Il ne lui fallut pas plus d'une minute auprès d'elle pour être frappé de plein fouet par l'odeur qu'elle dégageait et qui semblait proclamer « Je suis à Nick. Je suis à Nick. Je suis à Nick. », le tout combiné à un zeste résiduel des phéromones qu'elle avait dégagé au moment de leur dernière étreinte, ce qui donnait à l'ensemble un tableau assez clair de ce qui avait pu se passer quelques instants plus tôt…
« Oh, non d'un louveteau ! » bredouilla Fangmeyer en remuant doucement des naseaux.
Judy comprit immédiatement la nature de son trouble et laissa tomber ses oreilles dans son dos, avant de faire un pas en arrière, détournant un visage excessivement gêné. Habituellement, les couples qui se marquaient prévoyaient la chose en étant certain de ne pas avoir à être en contact avec d'autres mammifères au cours des heures suivants l'acte… Car l'odeur, habituellement à peine perceptible (mais dont le message d'appartenance demeurait clair pour tous), restait très forte pendant un petit moment, avant de finalement s'atténuer. En se laissant marquer juste avant leur départ, Judy devait à présent sentir comme si elle s'était plongée dans un bain d'essence de Nick Wilde. Elle ne pouvait pas l'en blâmer, cependant… Elle non plus n'avait pas été en mesure de contrôler ses propres pulsions, au cours de leurs derniers échanges. Elle était assez mal placée pour s'en indigner maintenant, d'autant plus que pour être honnête, elle ne regrettait absolument rien.
Cependant, passé la surprise olfactive, Fangmeyer regagna sa composition habituelle, et tourna un visage souriant vers Nick. « Hey ! On dirait que vous avez clarifié votre situation, finalement ! »
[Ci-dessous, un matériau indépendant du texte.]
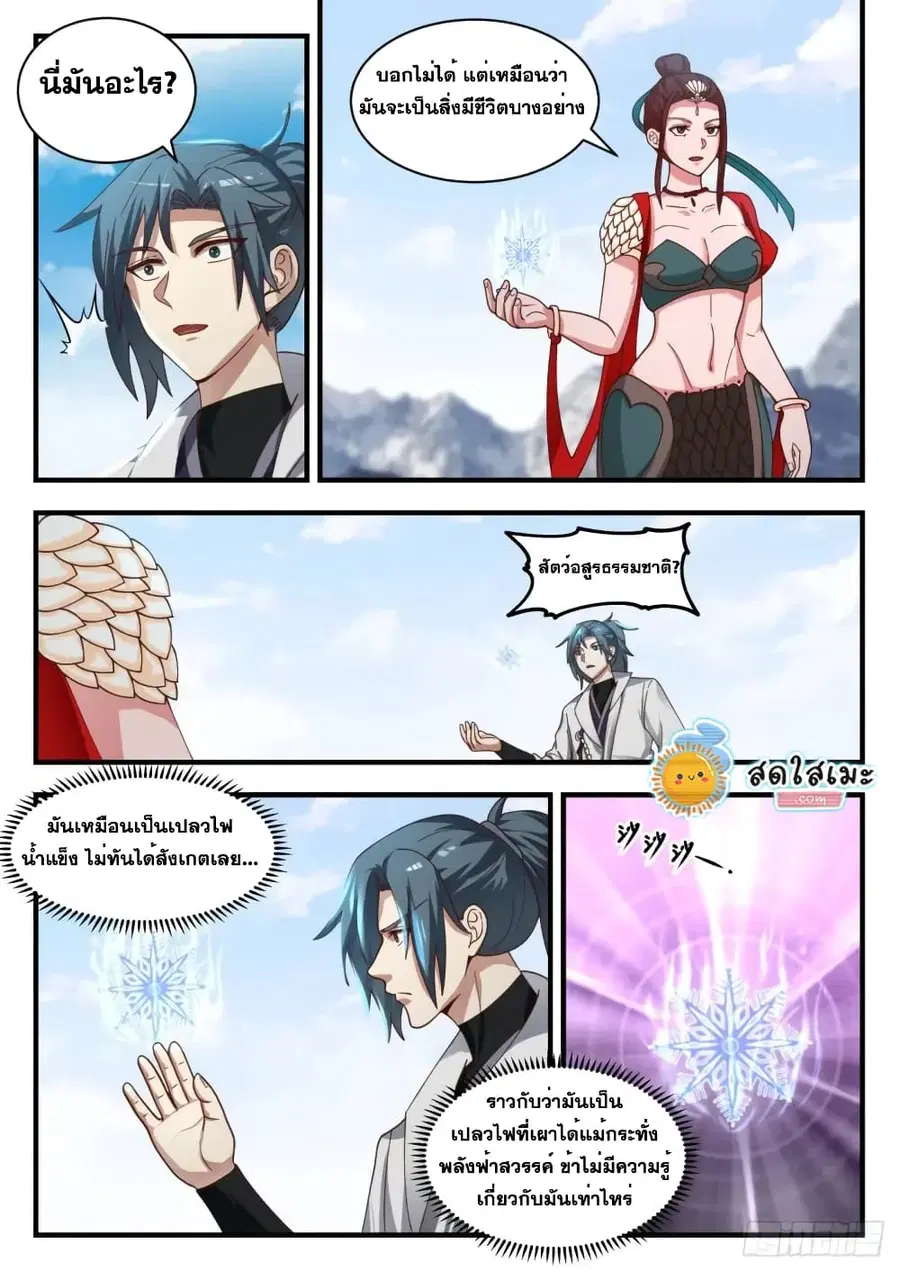 Martial Peak ตอนที่ 1752 หน้า 10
L'engouement du loup blanc pour le sujet ne délogea pas Nick de son expression tendue et fermée. « Bon… Si vous avez fini de vous passionner pour notre vie intime, tous les deux, on pourrait peut-être se mettre sérieusement au travail, qu'en dites-vous ? »
« Oh… Oh oui ! » affirma Fangmeyer en hochant de la tête et en prenant une expression à nouveau plus affectée. « C'est par là. »
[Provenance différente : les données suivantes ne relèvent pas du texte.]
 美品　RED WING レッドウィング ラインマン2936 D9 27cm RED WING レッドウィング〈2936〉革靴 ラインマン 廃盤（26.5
Ils le suivirent en direction de la petite pièce servant de laboratoire confiné. L'odeur aromatique dégagée par les plantes était presque aussi étouffante que la moiteur qui régnait entre les quatre murs. Judy parcourut la pièce du regard, ne pouvant réprimer un léger frisson. Sans rien dire, elle se dirigeait vers le poste de fabrication, tandis que Nick s'accroupissait au côté de la caisse contenant l'importante quantité de munitions de sérum.
« Ça va être difficile de remplacer toutes celles-ci par des myrtilles, Carotte. » ironisa Nick. Mais son expression concernée laissait peu de place au doute quant à la vision qu'il se faisait des choses.
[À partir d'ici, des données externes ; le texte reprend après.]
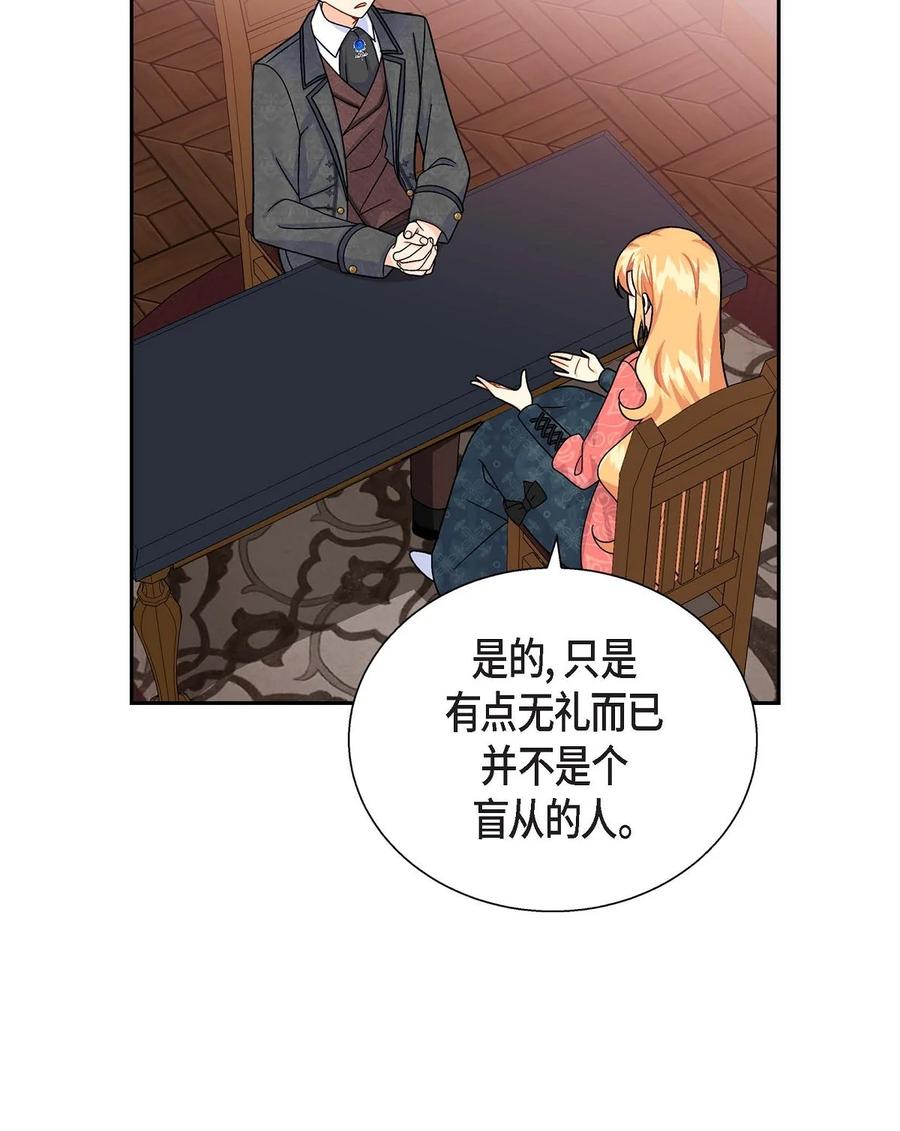 《待破灭男主爱上我》31 凯里安的心思 第11页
« Tu peux présumer que c'est leur stock de secours. » répondit la lapine d'une voix sombre. « Ils ont produit du sérum en masse… Mais ce n'est pas la même formule. »
« Qu'est-ce qui te fait penser ça ? » demanda Fangmeyer en la rejoignant de l'autre côté du bureau sur lequel était dressé tout un appareillage de tubes, de flacons, de distillateurs, de béchers et d'erlenmeyers.
« L'agencement de ce poste de fabrication. » répondit Judy en désignant l'assemblage de matériel chimique présent sous ses yeux. « Celui qu'utilisait Doug a été détruit dans l'explosion du wagon qui lui servait de laboratoire, mais je me rappelle parfaitement de son assemblage. Il était bien plus complexe que celui-ci. »
« Et t'en conclue quoi ? » questionna Finnick qui était resté sur le pas de la porte, visiblement mal à l'aise à la seule idée d'approcher plus près de ces Hurleurs Nocturnes.
« Je ne suis pas chimiste… » répondit Judy. « Mais si je devais supposer, je dirais qu'on à affaire à un sérum moins densifié… Qui n'a pas la même qualité que celui qu'utilisaient les sbires de Bellwether. »
« Tu ne le penses pas inoffensif, quand même ? » demanda Fangmeyer d'une voix pleine de doute.
« Bien sûr que non… C'est clairement néfaste. Et puis, ça reste la même saleté, sans doute avec les mêmes effets. Que ceux-ci soient permanents ou pas, on sait très bien ce que les Gardiens du Troupeau comptent en faire. »
« De toute manière… » reprit Nick en se redressant. « Aucun d'entre nous n'a envie de servir de cobaye pour vérifier si cette saleté est efficace ou pas. »
Fangmeyer poussa un soupir angoissé en croisant les bras contre son torse. « Malheureusement, on risque d'être fixés bien assez tôt. Il est clair qu'ils ont prévu une action au cours de la marche pour la paix. »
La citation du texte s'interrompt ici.